According to a survey from the Royal College of Emergency Medicine half of the doctors questioned said they have been directly affected by pension taxation rules.

This came after the government published its first version of new rules for the NHS Pension Scheme, which proposed the introduction of a 50:50 option to allow clinicians to halve their pension contributions in exchange for halving the rate of pension growth. 

The professional body polled more than 500 doctors between July and August and found a mere 2 per cent found the current pension tax arrangements easy to understand.

Moreover, four out of five consultants said that they did not feel knowledgeable enough to be able to answer the questions posed in the Department of Health and Social Care’s pension consultation.

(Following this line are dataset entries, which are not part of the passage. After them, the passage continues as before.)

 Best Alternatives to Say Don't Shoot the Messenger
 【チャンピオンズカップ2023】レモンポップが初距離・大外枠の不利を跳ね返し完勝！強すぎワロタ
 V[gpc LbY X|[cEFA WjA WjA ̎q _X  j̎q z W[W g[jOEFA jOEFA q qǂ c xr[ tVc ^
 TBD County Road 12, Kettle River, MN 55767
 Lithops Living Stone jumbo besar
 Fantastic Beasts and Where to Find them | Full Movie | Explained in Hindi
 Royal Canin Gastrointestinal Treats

A new consultation on the rules was published in September, which includes a proposal to allow members to choose a personalised pension growth level at the start of each tax year.

Members will then be given the option to top up their pension pots when they are clearer on total earnings for tax purposes, or phase in a large increase in pensionable pay.

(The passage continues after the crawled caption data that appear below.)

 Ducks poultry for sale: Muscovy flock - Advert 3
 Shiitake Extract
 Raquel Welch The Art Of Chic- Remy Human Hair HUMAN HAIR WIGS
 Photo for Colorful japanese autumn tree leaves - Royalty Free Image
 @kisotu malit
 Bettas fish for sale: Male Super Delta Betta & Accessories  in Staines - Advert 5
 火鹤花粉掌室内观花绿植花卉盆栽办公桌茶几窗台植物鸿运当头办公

According to Dr Katherine Henderson, president of the Royal College of Emergency Medicine, the number of doctors who said they are considering reducing their hours was concerning, particularly ahead of winter time.

She said: “Even though there have been suggestions of more flexibility in future, this does not address the immediate issues we face this winter.

“Given the sheer complexity of the scheme, and confusion around what this additional flexibility means, we fear that many consultants will ‘play it safe’ and continue to reduce their clinical commitments to avoid any financial risks this taxation issue brings.”

It emerged in December that the number of members leaving the NHS Pension Scheme was five times higher than that seen by other public pension funds, most likely because of the taper on the annual allowance.

Introduced in 2016, the tapered annual allowance gradually reduces the allowance for those on high incomes, meaning they are more likely to suffer an annual tax charge on contributions and a lifetime allowance tax charge on their benefits

The taper means that for every £2 of adjusted income above £150,000 a year, £1 of annual allowance will be lost.

FTAdviser reported in August that HM Treasury will be reviewing the impact of the tapered annual allowance, after doctors were campaigning to scrap it for months.

Several respondents criticised the current tax rules, asking for them to be simplified.

A doctor said: “The lack of information/expert advice is laughable. Accountants, financial or pensions advisers do not understand this - so, how can we? What a farce.

“It is in the national interest for us to be financially independent when we are retired - so, why is there this crazy, impenetrable, perverse scheme to scupper that and reduce the amount we work whilst still in employment. I’ll get my coat.”